ENH: WAIT_TIME in Python summary

tylerjereddy · tylerjereddy · commit 141d97b1a368 · 2022-12-17T16:20:45.000-07:00
Fixes #860 * include `PNETCDF_FILE_F_WAIT_TIME` in the I/O cost plot in the Python summary reports, along with regression testing and caption changes * I would have felt more comfortable if the issue pointed me to a log file with prominent non-zero wait times, because all-zero values will also be the default for the `Wait` category when it isn't valid (even when `PNETCDF` is not used); I mostly decided not to exclude the category when `PNETCDF` is absent because it was easier to code + accounted for in the caption adjustment anyway * I'll provide some samples of the new I/O cost plots--note that the x label squishing is handled separately in gh-883.
diff --git a/darshan-util/pydarshan/darshan/cli/summary.py b/darshan-util/pydarshan/darshan/cli/summary.py
@@ -405,7 +405,8 @@ def register_figures(self):
             "Average (across all ranks) amount of run time that each process "
             "spent performing I/O, broken down by access type. See the right "
             "edge bar graph on heat maps in preceding section to indicate if "
-            "I/O activity was balanced across processes."
+            "I/O activity was balanced across processes.

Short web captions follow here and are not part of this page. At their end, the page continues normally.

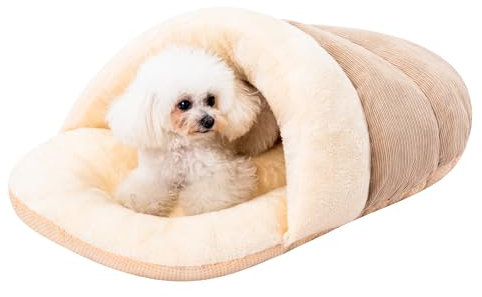 Jiupety Cama para gatos de interior, bonita cueva de cama cubierta para gatos, camas suaves y acogedoras para gatos y perros pequeños, camas antideslizantes y cálidas para gatitos, cueva de casa, nido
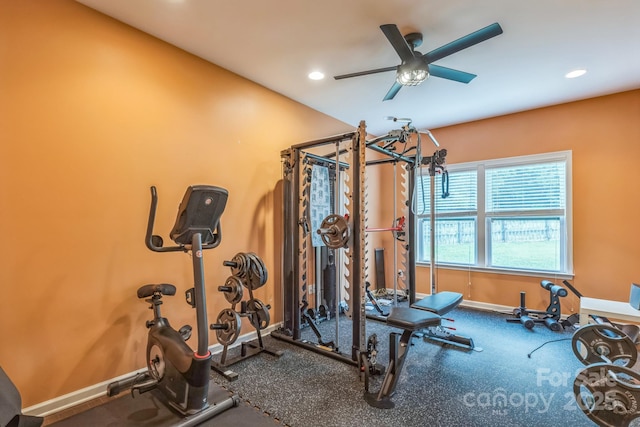 2100 Darian Way, Waxhaw, NC 28173 - exercise room with a ceiling fan and recessed lighting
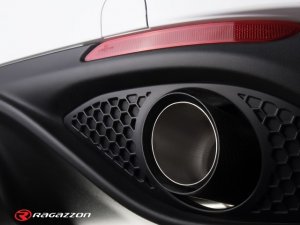 Ragazzon Stainless Steel Sports Rear Tubes Group N with 90mm Carbon Shot Tail Pipes Alfa Giulia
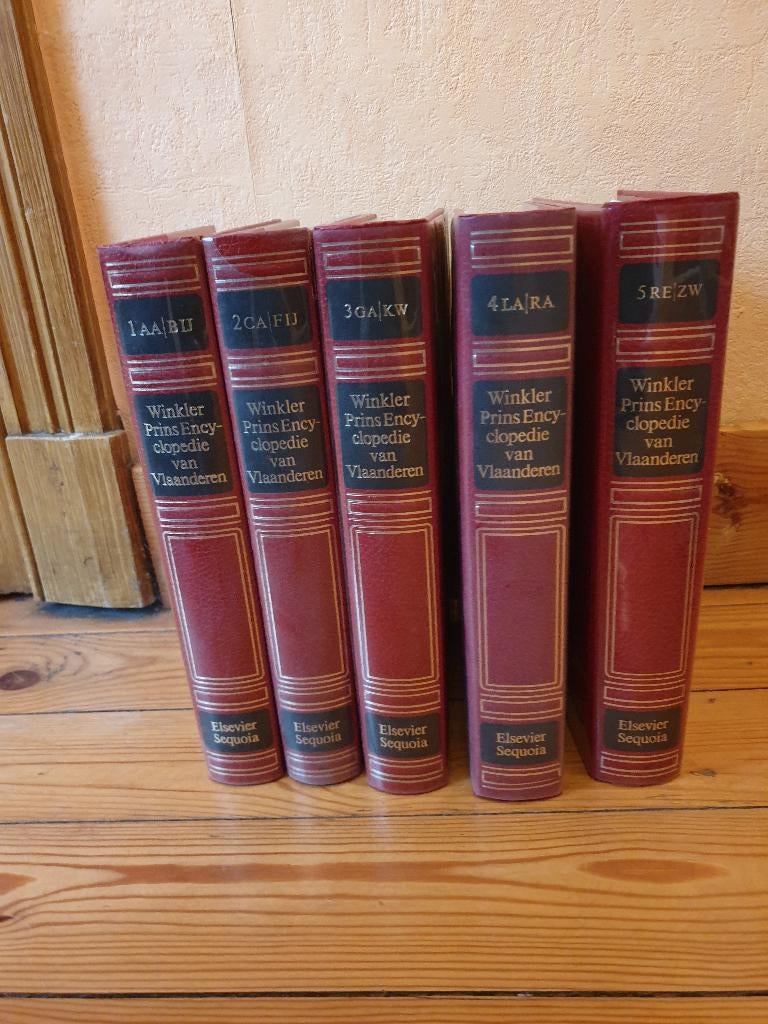 Winkler Prins encyclopedie van Vlaanderen Elsevier 5 delen, Antiek en Kunst, Ophalen of Verzenden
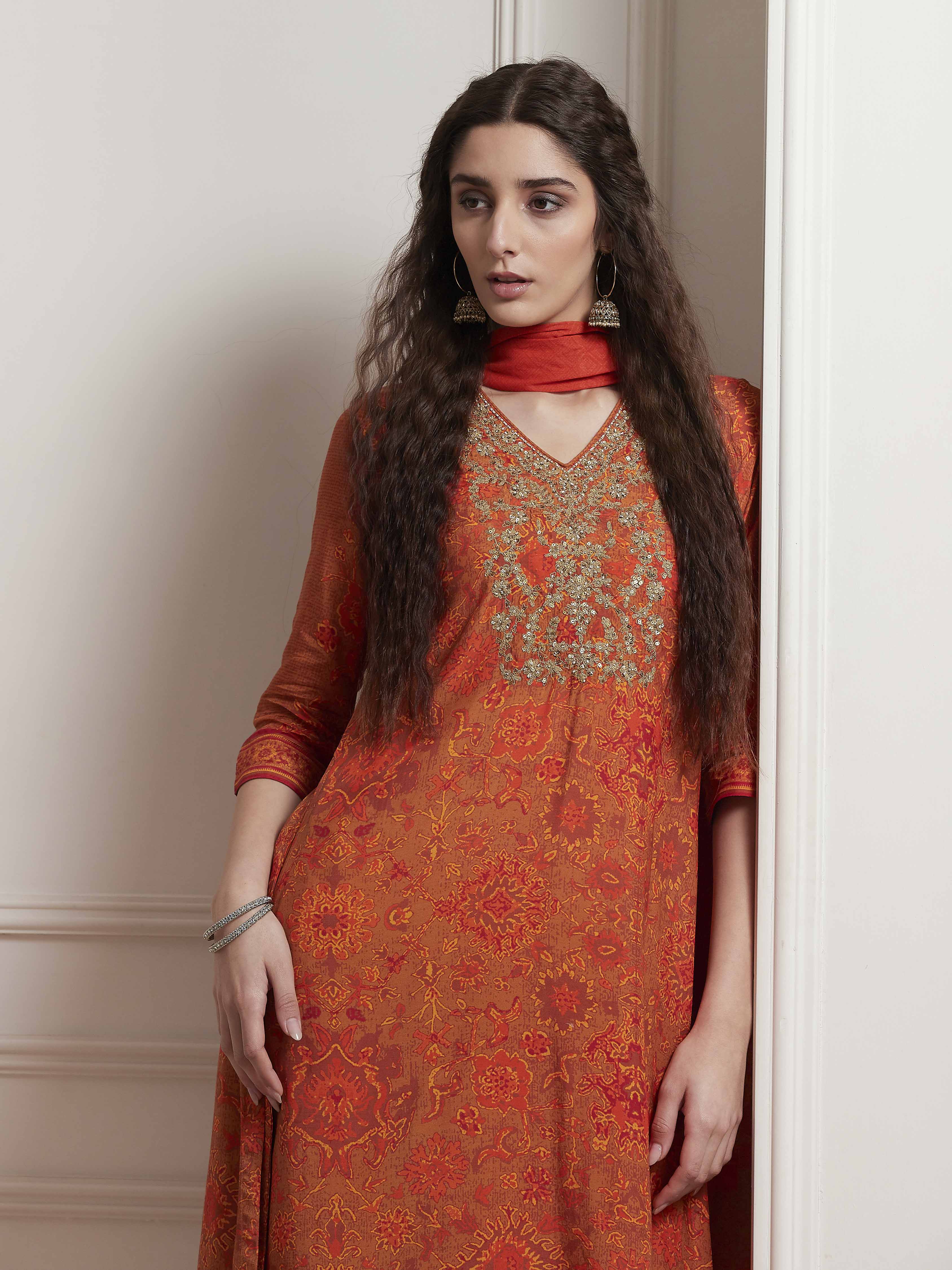 Orange Modal Printed Straight Suit Set image number 8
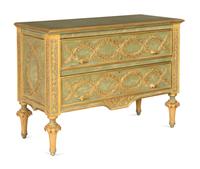A Pair of Italian Neoclassical Style Green-Painted and Parcel Gilt Commodes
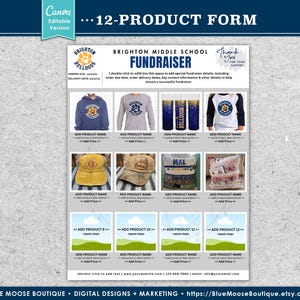 12 PRODUCT • Fundraiser Order Form Design • DIY 12-Up • Canva-Editable • Sales • PTA Flyer Templates • Digital Download Files png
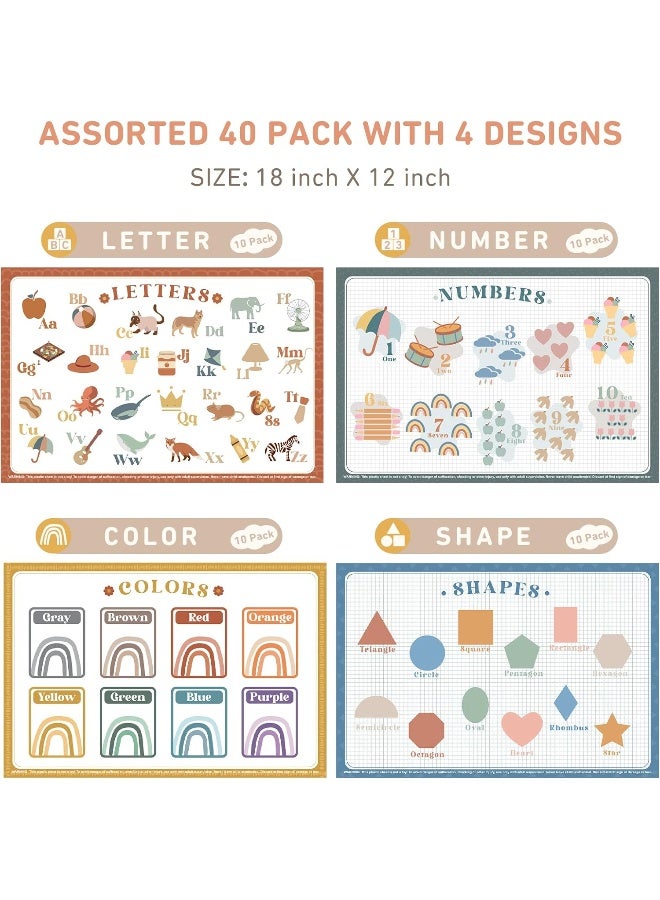 بيبي باي Disposable Placemats for Baby, 40 Pack Sticky Toddler Placemat for Restaurants, Dining Table, Party, Travel, 12 x 18 with 4 Designs - Image 3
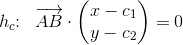 h_c\! \! :\; \; \overrightarrow{AB}\cdot \begin{pmatrix} x-c_1\\ y-c_2 \end{pmatrix}=0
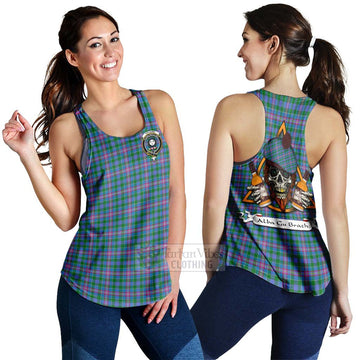 Pitcairn Tartan Women's Racerback Tanks with Family Crest and Bearded Skull Holding Bottles of Whiskey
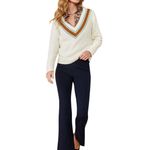 Spartina 449 Cream V Neck Pullover Stripe Cashmere Blend Sweater Women Size XXL Photo 9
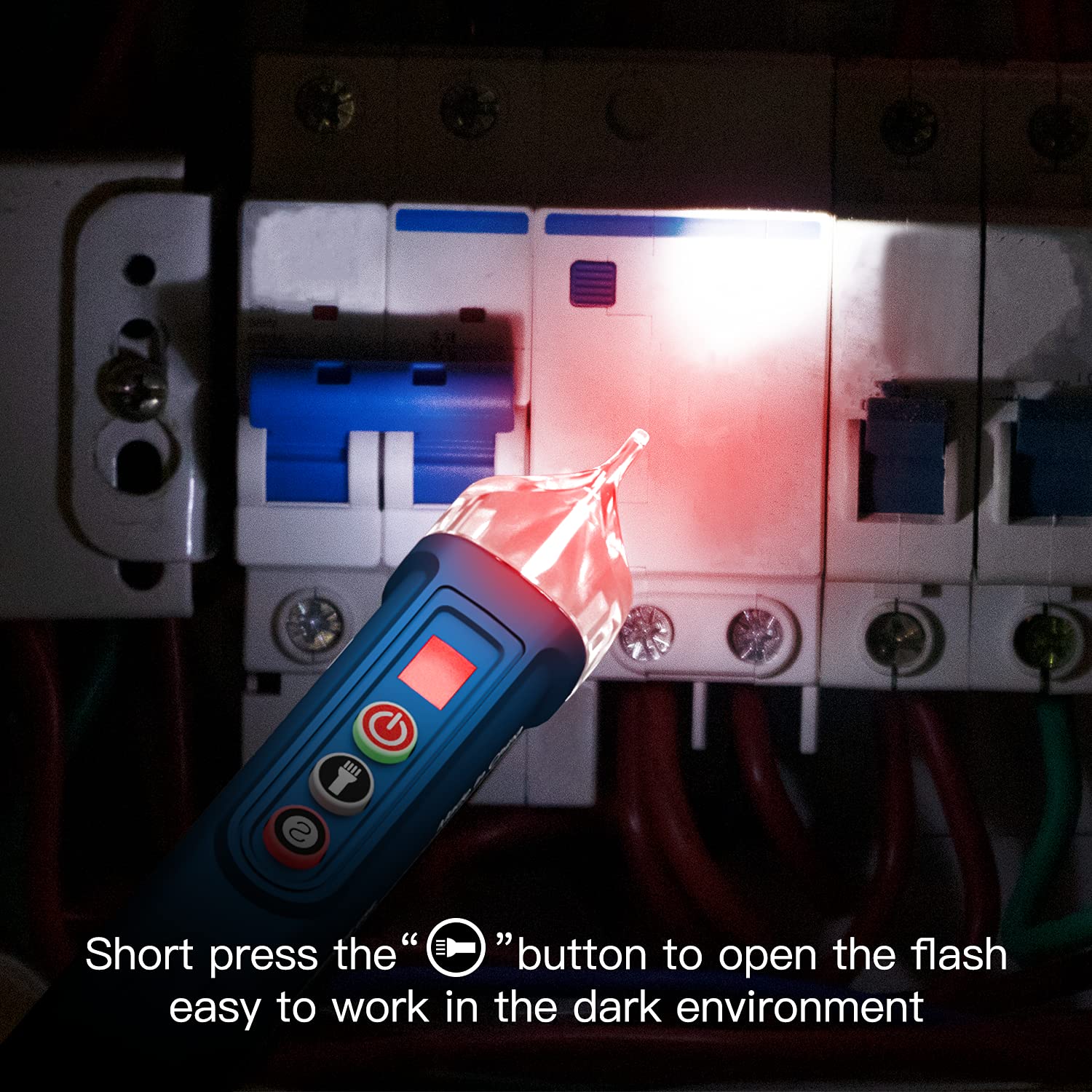 Détecteur de Tension sans Contact,Testeur de tension électrique,Testeur de fils nuls/verts,Outil de mesure de tension avec double gamme AC 12V/48V-1000V,Alarme sonore,Lampe de poche LED-JMT03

The 'Wait' category "
+            "is only meaningful for PNETCDF asynchronous I/O operations."
         )
         io_cost_params = {
             "section_title": "Cross-Module Comparisons",
diff --git a/darshan-util/pydarshan/darshan/experimental/plots/plot_io_cost.py b/darshan-util/pydarshan/darshan/experimental/plots/plot_io_cost.py
@@ -30,7 +30,7 @@ def get_by_avg_series(df: Any, mod_key: str, nprocs: int) -> Any:
     Returns
     -------
     by_avg_series: a ``pd.Series`` containing the
-    average read, write, and meta times.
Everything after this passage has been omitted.